Work order: Write only the number of lines in the data that contain the word "Lightweight".

☆ ☆ ☆ ☆ ☆

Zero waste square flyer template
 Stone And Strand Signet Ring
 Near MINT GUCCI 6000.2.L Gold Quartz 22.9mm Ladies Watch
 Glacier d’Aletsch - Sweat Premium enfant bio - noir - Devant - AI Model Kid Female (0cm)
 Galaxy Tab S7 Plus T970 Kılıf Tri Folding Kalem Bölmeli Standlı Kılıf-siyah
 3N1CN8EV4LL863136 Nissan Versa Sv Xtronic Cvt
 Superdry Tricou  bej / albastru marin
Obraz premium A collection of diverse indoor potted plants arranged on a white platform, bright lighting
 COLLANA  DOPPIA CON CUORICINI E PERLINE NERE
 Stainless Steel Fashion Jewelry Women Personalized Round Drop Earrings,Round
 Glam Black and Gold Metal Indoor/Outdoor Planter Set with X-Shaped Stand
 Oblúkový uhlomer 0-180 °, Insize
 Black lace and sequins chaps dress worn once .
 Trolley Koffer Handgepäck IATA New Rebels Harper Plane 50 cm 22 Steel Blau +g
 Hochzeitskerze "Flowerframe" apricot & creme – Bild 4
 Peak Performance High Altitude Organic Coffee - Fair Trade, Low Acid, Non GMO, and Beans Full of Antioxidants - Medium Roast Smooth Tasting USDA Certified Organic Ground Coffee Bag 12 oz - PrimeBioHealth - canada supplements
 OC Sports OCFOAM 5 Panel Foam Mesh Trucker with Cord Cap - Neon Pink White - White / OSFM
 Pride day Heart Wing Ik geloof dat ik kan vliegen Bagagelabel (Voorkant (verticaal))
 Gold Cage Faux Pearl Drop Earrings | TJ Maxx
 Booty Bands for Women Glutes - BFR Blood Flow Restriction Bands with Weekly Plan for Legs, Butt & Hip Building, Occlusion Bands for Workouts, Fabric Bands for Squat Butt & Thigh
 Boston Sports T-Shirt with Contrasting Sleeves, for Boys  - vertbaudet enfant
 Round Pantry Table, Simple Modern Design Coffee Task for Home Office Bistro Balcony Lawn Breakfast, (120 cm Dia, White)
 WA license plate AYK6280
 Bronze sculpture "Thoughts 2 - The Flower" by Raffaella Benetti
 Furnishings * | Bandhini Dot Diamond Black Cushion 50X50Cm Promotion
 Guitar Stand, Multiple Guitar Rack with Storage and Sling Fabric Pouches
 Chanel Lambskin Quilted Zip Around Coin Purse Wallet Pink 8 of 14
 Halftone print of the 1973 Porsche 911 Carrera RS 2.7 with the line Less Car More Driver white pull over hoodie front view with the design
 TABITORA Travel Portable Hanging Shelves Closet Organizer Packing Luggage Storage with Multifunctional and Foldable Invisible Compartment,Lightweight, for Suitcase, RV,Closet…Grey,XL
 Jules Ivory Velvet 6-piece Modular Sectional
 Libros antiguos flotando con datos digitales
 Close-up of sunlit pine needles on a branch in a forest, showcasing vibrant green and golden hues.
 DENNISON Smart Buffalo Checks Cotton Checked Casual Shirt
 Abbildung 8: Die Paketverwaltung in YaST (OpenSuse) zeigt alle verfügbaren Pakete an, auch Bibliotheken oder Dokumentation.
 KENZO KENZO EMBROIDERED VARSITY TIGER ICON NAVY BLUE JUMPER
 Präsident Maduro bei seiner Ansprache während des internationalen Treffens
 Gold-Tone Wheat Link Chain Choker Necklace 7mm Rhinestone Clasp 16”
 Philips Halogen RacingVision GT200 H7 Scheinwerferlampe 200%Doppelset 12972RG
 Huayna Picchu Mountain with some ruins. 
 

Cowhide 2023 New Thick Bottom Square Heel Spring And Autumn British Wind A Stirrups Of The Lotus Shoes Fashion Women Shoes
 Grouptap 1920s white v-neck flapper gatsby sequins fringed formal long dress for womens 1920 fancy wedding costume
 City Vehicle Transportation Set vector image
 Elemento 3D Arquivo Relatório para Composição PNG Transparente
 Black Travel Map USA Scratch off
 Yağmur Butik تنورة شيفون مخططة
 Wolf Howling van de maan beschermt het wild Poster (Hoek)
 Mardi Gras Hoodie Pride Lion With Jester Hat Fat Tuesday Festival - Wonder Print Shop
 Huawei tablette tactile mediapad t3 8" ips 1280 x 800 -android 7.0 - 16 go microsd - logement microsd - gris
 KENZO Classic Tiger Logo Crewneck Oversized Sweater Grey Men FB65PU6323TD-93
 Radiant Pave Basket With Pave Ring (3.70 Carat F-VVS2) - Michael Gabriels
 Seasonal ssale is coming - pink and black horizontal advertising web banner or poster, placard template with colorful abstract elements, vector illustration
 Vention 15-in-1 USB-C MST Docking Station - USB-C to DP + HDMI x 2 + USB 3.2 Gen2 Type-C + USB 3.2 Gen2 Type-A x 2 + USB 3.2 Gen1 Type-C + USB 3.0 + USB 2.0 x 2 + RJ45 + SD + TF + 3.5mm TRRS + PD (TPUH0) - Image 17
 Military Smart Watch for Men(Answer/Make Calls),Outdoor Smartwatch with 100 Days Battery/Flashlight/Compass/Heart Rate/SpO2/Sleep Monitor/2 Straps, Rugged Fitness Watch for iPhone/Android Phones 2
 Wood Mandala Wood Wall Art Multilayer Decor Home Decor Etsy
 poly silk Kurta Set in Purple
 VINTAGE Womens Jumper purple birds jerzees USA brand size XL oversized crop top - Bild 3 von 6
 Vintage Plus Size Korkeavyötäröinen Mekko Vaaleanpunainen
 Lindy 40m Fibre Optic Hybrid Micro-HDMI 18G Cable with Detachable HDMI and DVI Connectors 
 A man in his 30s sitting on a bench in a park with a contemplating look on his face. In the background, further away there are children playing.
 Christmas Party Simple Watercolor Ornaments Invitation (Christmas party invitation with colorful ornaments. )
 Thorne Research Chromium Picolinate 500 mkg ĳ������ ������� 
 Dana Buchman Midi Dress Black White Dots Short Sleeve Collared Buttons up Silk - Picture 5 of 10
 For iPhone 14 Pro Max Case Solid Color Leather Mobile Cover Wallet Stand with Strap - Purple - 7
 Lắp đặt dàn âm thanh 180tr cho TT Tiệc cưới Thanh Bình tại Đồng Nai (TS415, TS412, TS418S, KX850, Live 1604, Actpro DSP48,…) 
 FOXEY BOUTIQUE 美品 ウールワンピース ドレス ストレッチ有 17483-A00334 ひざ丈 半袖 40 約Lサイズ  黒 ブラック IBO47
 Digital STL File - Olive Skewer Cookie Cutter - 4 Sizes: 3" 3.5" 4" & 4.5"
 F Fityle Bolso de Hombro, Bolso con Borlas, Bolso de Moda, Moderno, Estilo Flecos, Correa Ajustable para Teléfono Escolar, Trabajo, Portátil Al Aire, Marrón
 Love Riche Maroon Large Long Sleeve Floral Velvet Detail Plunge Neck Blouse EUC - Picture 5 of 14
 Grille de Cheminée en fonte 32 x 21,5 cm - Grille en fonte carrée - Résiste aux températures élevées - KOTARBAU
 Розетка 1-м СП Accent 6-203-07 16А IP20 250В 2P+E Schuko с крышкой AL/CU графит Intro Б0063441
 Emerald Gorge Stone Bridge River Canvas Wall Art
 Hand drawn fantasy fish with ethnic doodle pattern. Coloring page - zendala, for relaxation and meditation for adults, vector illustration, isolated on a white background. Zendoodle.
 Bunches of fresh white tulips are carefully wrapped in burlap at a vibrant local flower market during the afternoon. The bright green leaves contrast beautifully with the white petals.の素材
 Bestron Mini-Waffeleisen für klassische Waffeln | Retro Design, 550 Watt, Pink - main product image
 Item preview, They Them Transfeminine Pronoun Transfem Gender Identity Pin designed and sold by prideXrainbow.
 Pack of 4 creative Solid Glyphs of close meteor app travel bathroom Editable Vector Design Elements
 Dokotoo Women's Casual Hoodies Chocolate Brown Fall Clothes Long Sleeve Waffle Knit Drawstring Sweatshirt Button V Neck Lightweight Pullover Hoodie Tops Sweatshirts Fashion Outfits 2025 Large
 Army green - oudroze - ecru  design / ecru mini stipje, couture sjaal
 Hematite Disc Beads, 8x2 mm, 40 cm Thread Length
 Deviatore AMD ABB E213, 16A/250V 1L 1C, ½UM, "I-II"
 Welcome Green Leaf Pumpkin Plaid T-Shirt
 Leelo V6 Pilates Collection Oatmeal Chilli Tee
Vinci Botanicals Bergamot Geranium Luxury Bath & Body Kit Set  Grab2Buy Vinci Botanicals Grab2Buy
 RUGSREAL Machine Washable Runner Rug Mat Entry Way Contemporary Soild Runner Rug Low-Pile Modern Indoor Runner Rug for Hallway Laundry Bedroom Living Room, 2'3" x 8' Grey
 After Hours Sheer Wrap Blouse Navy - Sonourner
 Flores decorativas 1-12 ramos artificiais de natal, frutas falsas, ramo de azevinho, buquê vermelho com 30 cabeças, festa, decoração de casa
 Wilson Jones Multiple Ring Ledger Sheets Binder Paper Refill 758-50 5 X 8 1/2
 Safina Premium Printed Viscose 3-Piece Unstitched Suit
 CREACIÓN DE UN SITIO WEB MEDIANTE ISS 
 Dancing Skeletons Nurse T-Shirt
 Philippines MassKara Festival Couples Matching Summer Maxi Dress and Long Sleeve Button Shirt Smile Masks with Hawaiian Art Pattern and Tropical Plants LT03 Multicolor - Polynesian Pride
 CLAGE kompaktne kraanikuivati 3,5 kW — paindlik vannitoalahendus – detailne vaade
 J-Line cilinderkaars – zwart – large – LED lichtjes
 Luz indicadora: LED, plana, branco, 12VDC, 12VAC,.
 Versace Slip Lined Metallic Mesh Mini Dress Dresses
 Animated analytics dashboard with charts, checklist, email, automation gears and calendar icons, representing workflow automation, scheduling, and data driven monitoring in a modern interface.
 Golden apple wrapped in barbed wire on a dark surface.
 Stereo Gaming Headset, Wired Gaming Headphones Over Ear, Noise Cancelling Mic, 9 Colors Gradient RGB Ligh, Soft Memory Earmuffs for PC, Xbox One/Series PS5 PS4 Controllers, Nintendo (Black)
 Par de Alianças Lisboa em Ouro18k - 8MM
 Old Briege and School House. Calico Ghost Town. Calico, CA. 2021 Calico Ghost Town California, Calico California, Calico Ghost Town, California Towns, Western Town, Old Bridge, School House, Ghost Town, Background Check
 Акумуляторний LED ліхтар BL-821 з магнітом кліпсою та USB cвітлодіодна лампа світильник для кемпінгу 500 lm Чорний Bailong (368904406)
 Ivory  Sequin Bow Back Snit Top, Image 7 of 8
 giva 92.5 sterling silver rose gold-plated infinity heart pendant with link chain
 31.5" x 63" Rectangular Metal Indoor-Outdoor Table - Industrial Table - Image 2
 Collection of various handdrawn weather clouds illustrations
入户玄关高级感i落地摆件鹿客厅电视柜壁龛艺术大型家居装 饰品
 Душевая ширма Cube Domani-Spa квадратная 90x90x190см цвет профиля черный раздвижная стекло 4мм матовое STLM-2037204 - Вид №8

☆ ☆ ☆ ☆ ☆

Solution for this problem: 2